Private drillers are keeping the oilfield services market busy after two years of downtime during the 2020 oil bust and the COVID pandemic, Miller said. Halliburton's hydraulic fracturing services are sold out for the year, which will add to the cost inflation that America's pure-play shale gas drillers are expected to report starting next week. Halliburton sells or rents the rigs, crews and tools that E&Ps use to drill and complete new oil and gas wells.
Halliburton's North American revenue grew 8% over the previous quarter, "consistent with the high-single-digit capex inflation guided by the operators," Sanford C. Bernstein & Co. analyst Bob Brackett told clients in a note April 19. "We already know that U.S. shale oil production overall likely did not grow, but revenue, capex, and margins results will give insight into trends in drilling and completions activity and in cost inflation."

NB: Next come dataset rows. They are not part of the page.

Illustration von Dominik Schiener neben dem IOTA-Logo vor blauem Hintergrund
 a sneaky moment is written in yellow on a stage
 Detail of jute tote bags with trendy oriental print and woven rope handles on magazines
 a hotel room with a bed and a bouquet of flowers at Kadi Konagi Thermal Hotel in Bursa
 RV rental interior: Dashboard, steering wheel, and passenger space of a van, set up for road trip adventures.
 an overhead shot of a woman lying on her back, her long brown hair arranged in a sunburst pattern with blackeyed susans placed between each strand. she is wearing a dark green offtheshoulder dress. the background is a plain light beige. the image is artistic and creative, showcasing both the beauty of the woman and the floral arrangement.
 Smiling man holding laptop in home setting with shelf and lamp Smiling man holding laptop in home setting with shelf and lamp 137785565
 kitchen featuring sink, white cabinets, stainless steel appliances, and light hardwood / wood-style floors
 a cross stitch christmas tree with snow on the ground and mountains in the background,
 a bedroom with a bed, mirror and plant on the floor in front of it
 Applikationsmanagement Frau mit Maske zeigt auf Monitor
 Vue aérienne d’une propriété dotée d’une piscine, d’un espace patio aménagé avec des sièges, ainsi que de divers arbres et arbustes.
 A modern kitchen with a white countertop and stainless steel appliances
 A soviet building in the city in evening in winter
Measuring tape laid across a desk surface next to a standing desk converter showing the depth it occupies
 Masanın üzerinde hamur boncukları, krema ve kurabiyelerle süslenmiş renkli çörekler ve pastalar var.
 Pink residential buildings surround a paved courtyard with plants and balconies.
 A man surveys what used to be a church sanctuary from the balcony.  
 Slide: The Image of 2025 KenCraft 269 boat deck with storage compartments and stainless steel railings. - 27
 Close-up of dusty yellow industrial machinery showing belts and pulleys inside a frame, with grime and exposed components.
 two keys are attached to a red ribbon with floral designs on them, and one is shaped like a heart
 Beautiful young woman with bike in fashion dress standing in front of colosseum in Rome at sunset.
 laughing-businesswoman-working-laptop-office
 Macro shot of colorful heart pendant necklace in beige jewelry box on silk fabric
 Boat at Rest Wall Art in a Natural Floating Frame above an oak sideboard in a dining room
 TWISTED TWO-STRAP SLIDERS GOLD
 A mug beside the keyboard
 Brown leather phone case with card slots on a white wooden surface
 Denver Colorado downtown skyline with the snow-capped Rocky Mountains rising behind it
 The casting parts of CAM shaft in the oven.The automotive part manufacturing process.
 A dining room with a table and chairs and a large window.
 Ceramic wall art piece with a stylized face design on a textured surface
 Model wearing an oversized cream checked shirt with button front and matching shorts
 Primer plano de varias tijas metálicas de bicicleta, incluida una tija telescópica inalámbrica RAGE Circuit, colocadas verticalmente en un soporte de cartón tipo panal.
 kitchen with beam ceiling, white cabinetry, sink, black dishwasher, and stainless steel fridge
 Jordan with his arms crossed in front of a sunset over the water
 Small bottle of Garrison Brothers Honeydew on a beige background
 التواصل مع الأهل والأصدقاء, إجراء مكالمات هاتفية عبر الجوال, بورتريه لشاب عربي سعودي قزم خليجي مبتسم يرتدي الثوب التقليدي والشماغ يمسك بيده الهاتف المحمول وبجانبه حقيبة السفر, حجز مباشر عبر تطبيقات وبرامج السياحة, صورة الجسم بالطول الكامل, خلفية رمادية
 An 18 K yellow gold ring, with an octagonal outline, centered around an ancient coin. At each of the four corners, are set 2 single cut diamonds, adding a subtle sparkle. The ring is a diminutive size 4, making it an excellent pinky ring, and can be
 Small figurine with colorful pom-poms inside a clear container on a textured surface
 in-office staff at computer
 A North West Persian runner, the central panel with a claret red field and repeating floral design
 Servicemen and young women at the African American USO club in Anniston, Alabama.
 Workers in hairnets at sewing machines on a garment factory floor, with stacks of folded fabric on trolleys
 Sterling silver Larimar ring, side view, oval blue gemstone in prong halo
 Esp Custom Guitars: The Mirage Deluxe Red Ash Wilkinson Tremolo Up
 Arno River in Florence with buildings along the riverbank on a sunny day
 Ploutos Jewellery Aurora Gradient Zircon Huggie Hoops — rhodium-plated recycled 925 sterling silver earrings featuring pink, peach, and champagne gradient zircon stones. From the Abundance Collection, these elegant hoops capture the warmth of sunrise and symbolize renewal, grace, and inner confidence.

Publicly traded operators are leery about adding rigs and frac crews when shareholders want buybacks and dividends after years of red ink, Truist Securities Inc. oil and gas analyst Neal Dingmann said in an April 20 note.
"Most operators remain hesitant to boost activity for fear of deteriorating efficiencies, which could likely cause a number of investors to sell the shares," Truist said. "A couple E&Ps we previously expected to have at least moderate growth this year are now suggesting no growth; we believe the strategy change is largely due to the current just-in-time oilfield services inventory versus previously having much more visibility/equipment, so any new activity would likely hurt overall efficiency metrics."
After bottoming out at $6.5 billion in the second quarter of 2021, spending by the top public pure-play shale gas companies has been creeping up, according to S&P Global Market Intelligence data.
"I believe supply dynamics have fundamentally changed due to investor return requirements," corporate environmental, social and governance goals, and regulatory pressures, Miller told analysts on the Halliburton call. "Which make it more difficult for operators to commit to long-cycle hydrocarbon investments, and instead drive investment flexibility through short-cycle barrels."
Halliburton reported net income of $263 million, or 29 cents per share, for the first quarter, a 55% increase over the year-ago quarter. Revenue increased 24% to $4.3 billion, with $1.9 billion from North American activities, a 37% increase year over year, Halliburton said.